Keir Starmer has to do more if he wants to get a foothold in Downing Street

FINALLY Wednesday, I heard a Labor spokesman claim that there had been an earthquake in the opinion polls in our favor.

My immediate reaction was to think, “I wish.”

In a poll for The Sun today on Sunday, Labor leader Keir Starmer remained faltering


In a poll for The Sun today on Sunday, Labor leader Keir Starmer remained falteringCredit: Getty
In his confrontation with Boris Johnson, Sir Keir polled 36% to the PM's 35 points


In his confrontation with Boris Johnson, Sir Keir polled 36% to the PM’s 35 pointsCredit: Getty

The relative improvement in Labour’s fortunes is, quite frankly, the bare minimum we should have expected given what is happening with the Prime Minister and his Government.

In a poll for The Sun Today on Sunday, Labor leader Keir Starmer still faltering.

He will know that his ratings need to improve if he is to get a foothold in Downing Street.

Against Boris JohnsonKeir polled 36% to the PM’s 35.

When the public vote in a general election, they often do so with the shape of the economy – and how much cash they have – in mind.

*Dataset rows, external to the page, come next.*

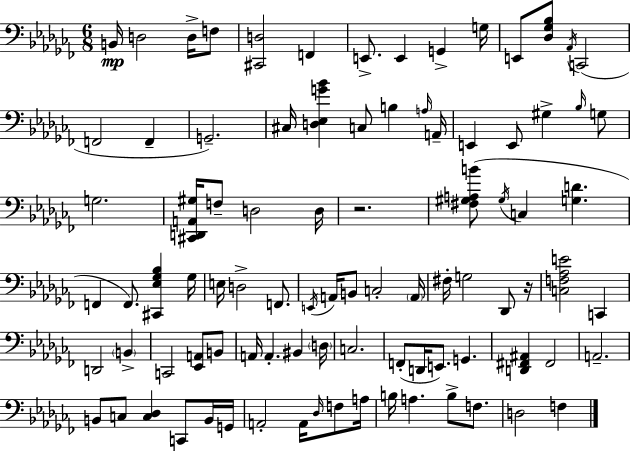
B2/s D3/h D3/s F3/e [C#2,D3]/h F2/q E2/e. E2/q G2/q G3/s E2/e [Db3,Gb3,Bb3]/e Ab2/s C2/h F2/h F2/q G2/h. C#3/s [D3,Eb3,G4,Bb4]/q C3/e B3/q A3/s A2/s E2/q E2/e G#3/q Bb3/s G3/e G3/h. [C#2,D2,A2,G#3]/s F3/e D3/h D3/s R/h. [F#3,G#3,A3,B4]/e G#3/s C3/q [G3,D4]/q. F2/q F2/e. [C#2,Eb3,Gb3,Bb3]/q Gb3/s E3/s D3/h F2/e. E2/s A2/s B2/e C3/h A2/s F#3/s G3/h Db2/e R/s [C3,F3,Ab3,E4]/h C2/q D2/h B2/q C2/h [Eb2,A2]/e B2/e A2/s A2/q. BIS2/q D3/s C3/h. F2/e D2/s E2/e. G2/q. [D2,F#2,A#2]/q F#2/h A2/h. B2/e C3/e [C3,Db3]/q C2/e B2/s G2/s A2/h A2/s Db3/s F3/e A3/s B3/s A3/q. B3/e F3/e. D3/h F3/q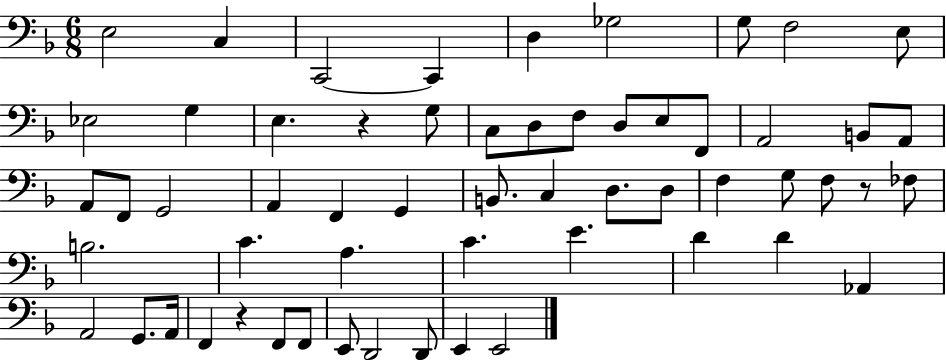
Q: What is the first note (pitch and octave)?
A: E3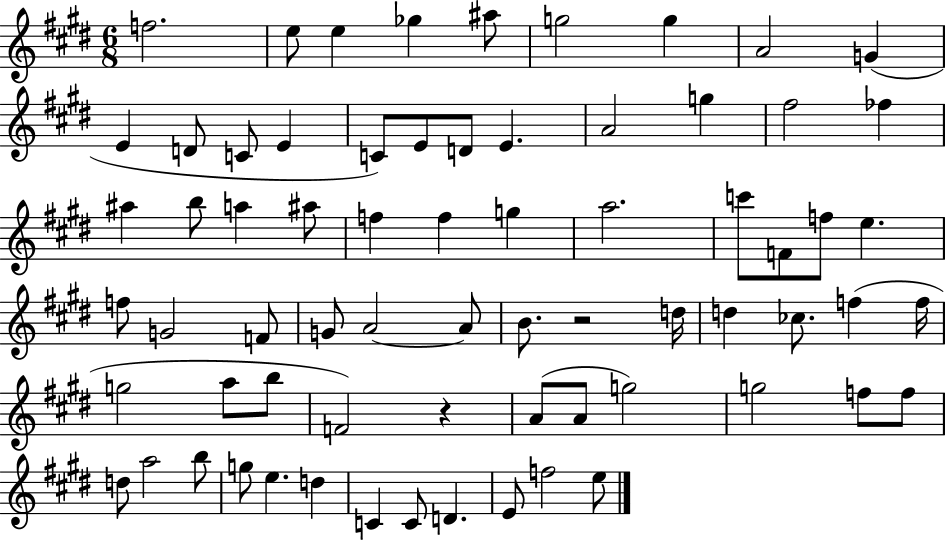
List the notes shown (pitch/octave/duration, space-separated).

F5/h. E5/e E5/q Gb5/q A#5/e G5/h G5/q A4/h G4/q E4/q D4/e C4/e E4/q C4/e E4/e D4/e E4/q. A4/h G5/q F#5/h FES5/q A#5/q B5/e A5/q A#5/e F5/q F5/q G5/q A5/h. C6/e F4/e F5/e E5/q. F5/e G4/h F4/e G4/e A4/h A4/e B4/e. R/h D5/s D5/q CES5/e. F5/q F5/s G5/h A5/e B5/e F4/h R/q A4/e A4/e G5/h G5/h F5/e F5/e D5/e A5/h B5/e G5/e E5/q. D5/q C4/q C4/e D4/q. E4/e F5/h E5/e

Remember the saying: “It’s the economy, it’s stupid.”

A formation of Boris and the Chancellor Rishi Sunakagainst Keir and his chief financial officer Rachel Reeves sees them with a very narrow one-point lead.

This is where Labor needs to make it count to win an election.

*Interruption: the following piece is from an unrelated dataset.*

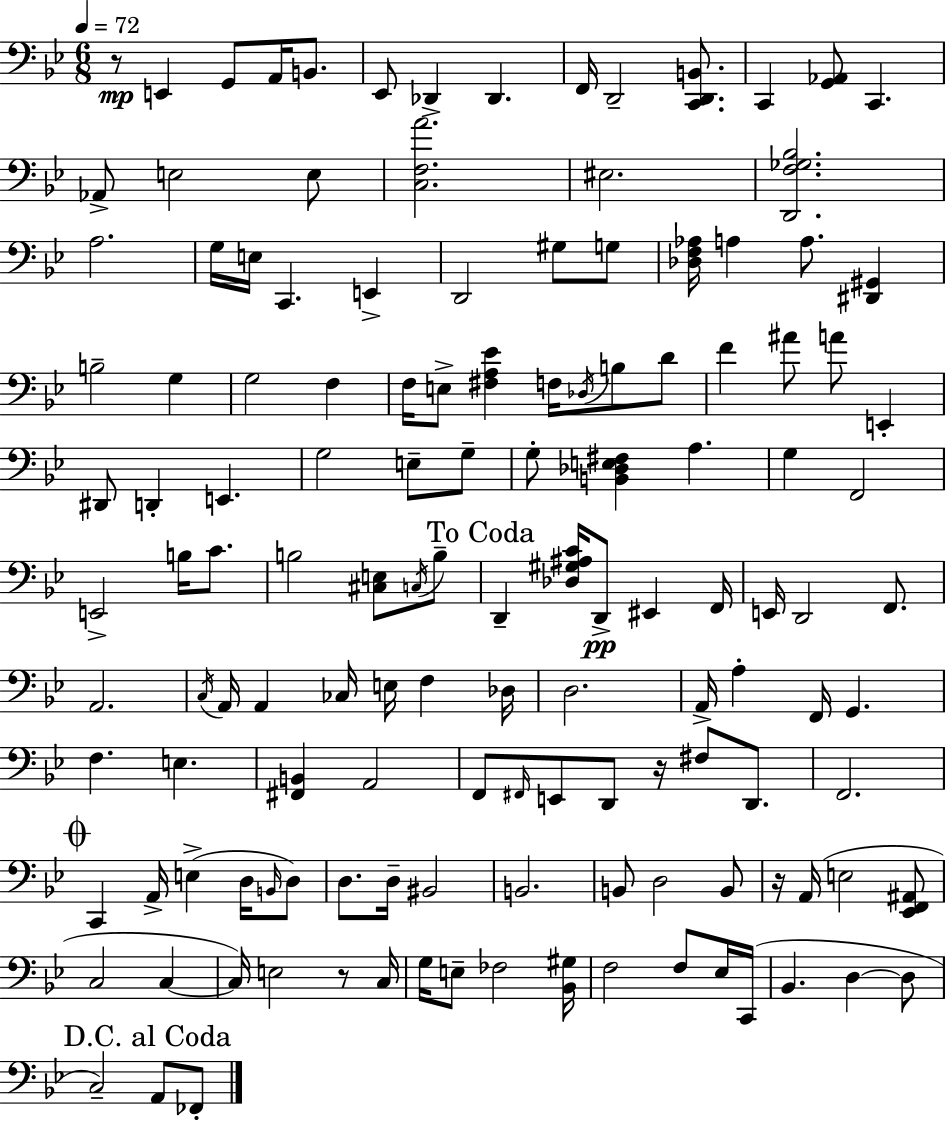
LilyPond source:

For more than 18 months after the December 2019 election, Boris Johnson appeared to be absent.

No matter what he does or says, whatever wrongs have been made and cheaters committed, the shine never seems to fade from this “naughty boy”, as the members The older member of the constituency showed up to see him.

Tens of thousands of people have died in care homes, billions have been wasted on failed Test and Trace systems, friends of friends have been awarded contracts for PPE.

The relevance of all this is that while the disastrous legacy ofBy Jeremy Corbyn The leadership of the Labor party is gradually being replaced by trust, and the hearings for Labour’s front bench are increasing, with only a narrowing of opinion polls – so much so that the two major parties are antiquated. doctor.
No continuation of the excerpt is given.